18 dicembre 2025

Trova l'obiettivo

Da un lato l'arretramento rispetto allo stop del 2035 alle auto a combustione, dall'altro la nascita della categoria Bev M1E. Idee sempre meno chiare alla UE.

L'Unione Europea ha dovuto prendere atto della catastrofe produttiva e occupazionale conseguente alla decisione talebana di impedire la vendita delle auto tradizionali dal 2035 e fare una prima concessione, con quel 10% ammesso. Non basta, lo sappiamo tutti, ma è un fatto che l'arroganza di quel potere centrale sempre meno autorevole sia stata placcata.

Ma, sul filo delle dichiarazioni d'intenti di settembre della presidente, è stato approvato il pacchetto normativo che introduce la sottoclasse M1E per piccole auto elettriche, regolamento ispirato alle kei car giapponesi ma con una lunghezza massima di 4,2 m. 
L’obiettivo è favorire la produzione continentale di vetture urbane (elettriche) compatte e i requisiti tecnici saranno definiti aggiornando il regolamento UE 2018/858, che la Commissione intende, bontà sua, congelare per dieci anni. 
Questo passaggio è particolarmente interessante perché rivela finalmente la mentalità contorta dei vertici UE, che anche con auto a zero emissioni prevedono una normazione periodica sempre più restrittiva che se non può essere delle emissioni, visto che le Bev non ne producono, è orientata a ostacolare il movimento dei singoli.

 
Il meccanismo più rilevante è quello dei super-crediti, che prevede che ogni M1E costruita e venduta nell’UE valga 1,3 crediti ai fini del calcolo delle emissioni medie di CO2 dei costruttori, invece del singolo credito standard. Ciò crea un incentivo diretto a localizzare produzione e volumi e a progettare modelli ad hoc.
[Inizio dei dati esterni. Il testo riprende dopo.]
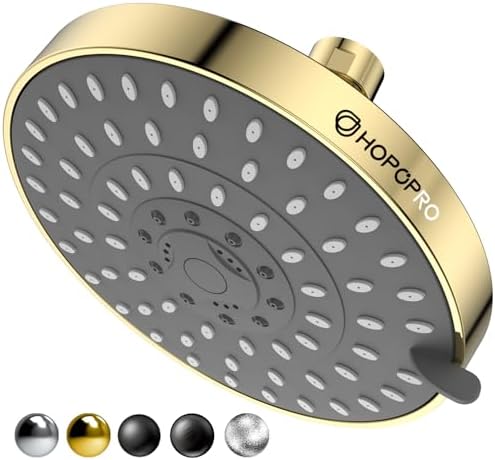 HOPOPRO 5-Mode High Pressure Shower Head - The Washington Post, NBC News, Today TV Show Recommended - High Flow Fixed Showerheads (6 Inch Gold) by HOPOPRO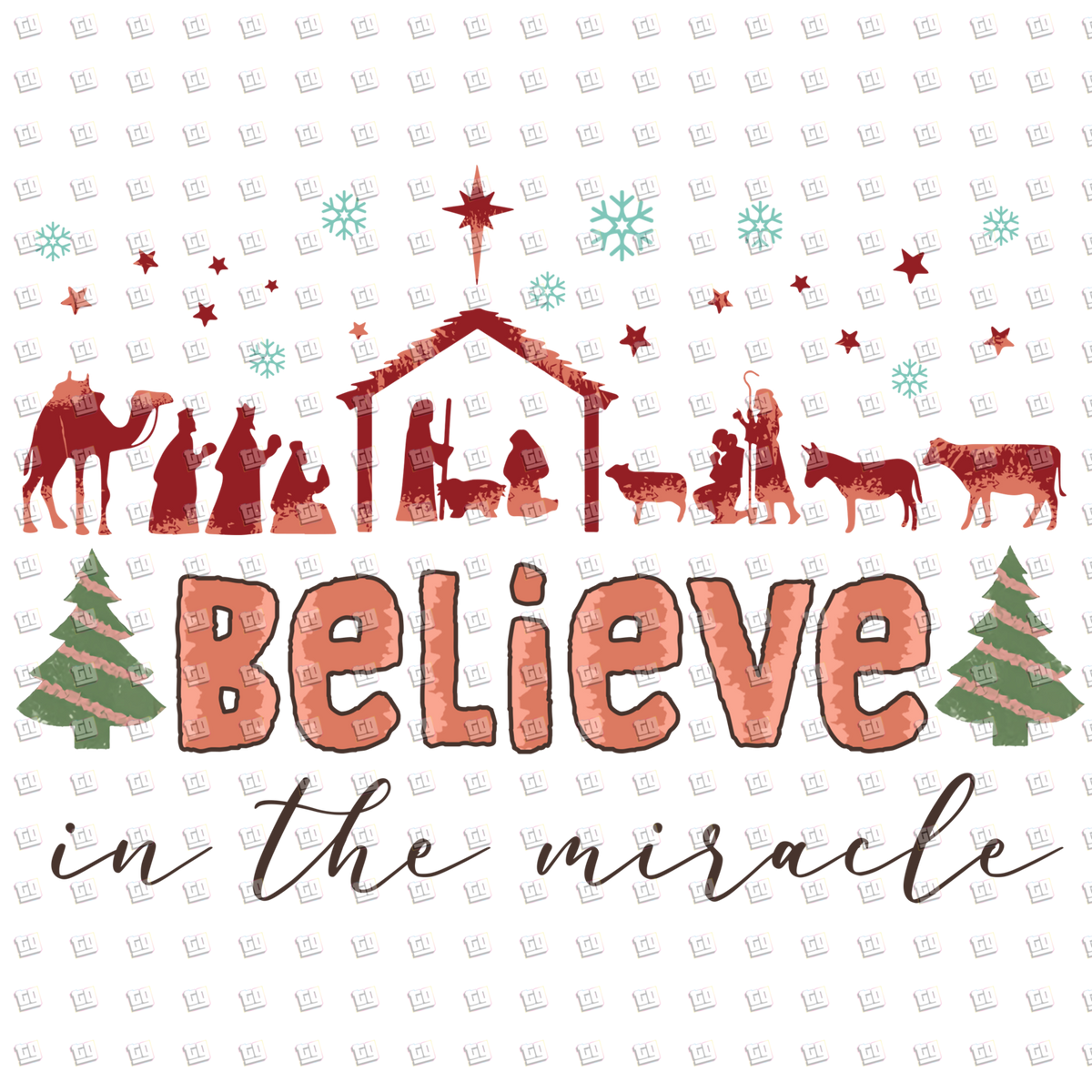 Believe In The Miracle  - Christian Christmas - DTF Transfer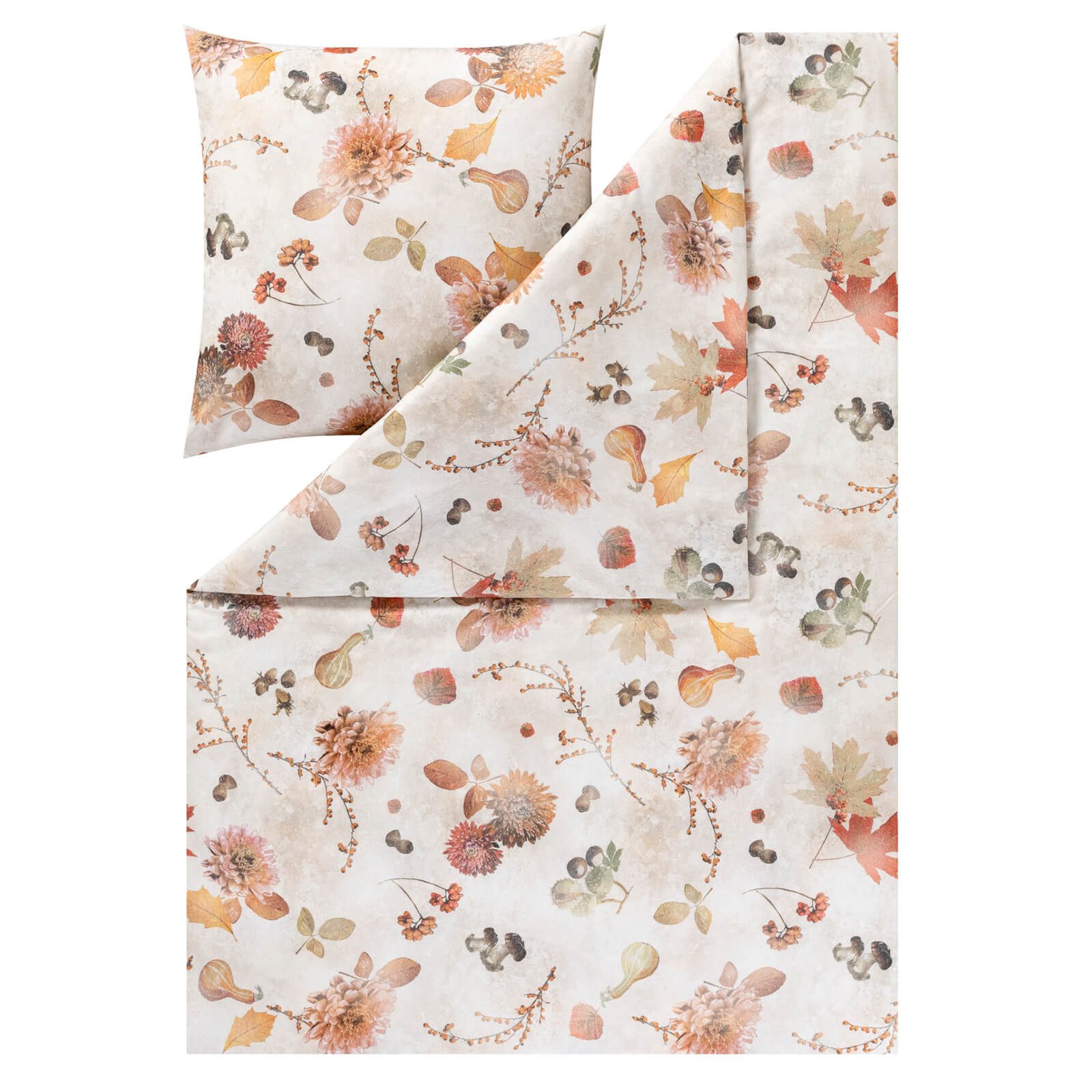 Estella Bettwäsche Autumn Foliage 4470 325, Flanell, 2 teilig, Kastanie, Pilze, Kürbis, Eicheln, Blätter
La soglia di 4,2 m rende eleggibili modelli come Renault 4, e 5 e la futura VW ID. Polo e secondo la Commissione ci sarà un effetto indiretto sull’accessibilità, dato che favorendo economie di scala e investimenti in linee produttive dedicate, potrebbero scendere i prezzi di listino. 


Il grande uso di condizionali rivela un piano ancora lontano dalla realtà contingente e aspettative futuristiche che non tengono conto dello stato della produzione ma soprattutto della distribuzione dell'energia nel Vecchio Continente.
Le misure di accompagnamento, come sussidi o riduzioni d’imposta, tariffe di parcheggio basate sulle dimensioni o accesso a corsie preferenziali, rivelano invece l'intenzione di entrare sempre più nelle decisioni che spettano alle strutture sul territorio, nell'ottica sempre meno nascosta di un piano generale di limitazione della mobilità privata.

17 dicembre 2025

Audi perde pezzi

La maggioranza di Italdesign passa sotto il controllo di UST, società californiana a capitale indiano specializzata in trasformazione digitale e intelligenza artificiale. 

L’operazione, annunciata ma ancora soggetta alle autorizzazioni regolamentari, lascia a Lamborghini una partecipazione significativa, mentre Audi resterà partner strategico e cliente di lungo periodo. Il valore dell’accordo non è stato reso pubblico. 
Italdesign nasce a Moncalieri nel 1968 per mano di Giorgetto Giugiaro e Aldo Mantovani e si afferma rapidamente come punto di riferimentro del design automobilistico, con la creazione di modelli iconici come Fiat Panda, VW Golf e DeLorean. Il gruppo è entrato nell’orbita Volkswagen nei primi anni 2010.
L’ingresso di UST punta a integrare le competenze storiche di styling, prototipazione e ingegneria con capacità software, sistemi embedded e intelligenza artificiale, con l’obiettivo dichiarato di offrire un servizio che copra ideazione, hardware, software e processi produttivi. Sul versante operativo è previsto il rafforzamento dell’internazionalizzazione sfruttando la presenza globale di UST in oltre 30 Paesi. I vertici di Audi, UST e Italdesign descrivono l’operazione come un nuovo capitolo che unisce tradizione italiana e innovazione digitale.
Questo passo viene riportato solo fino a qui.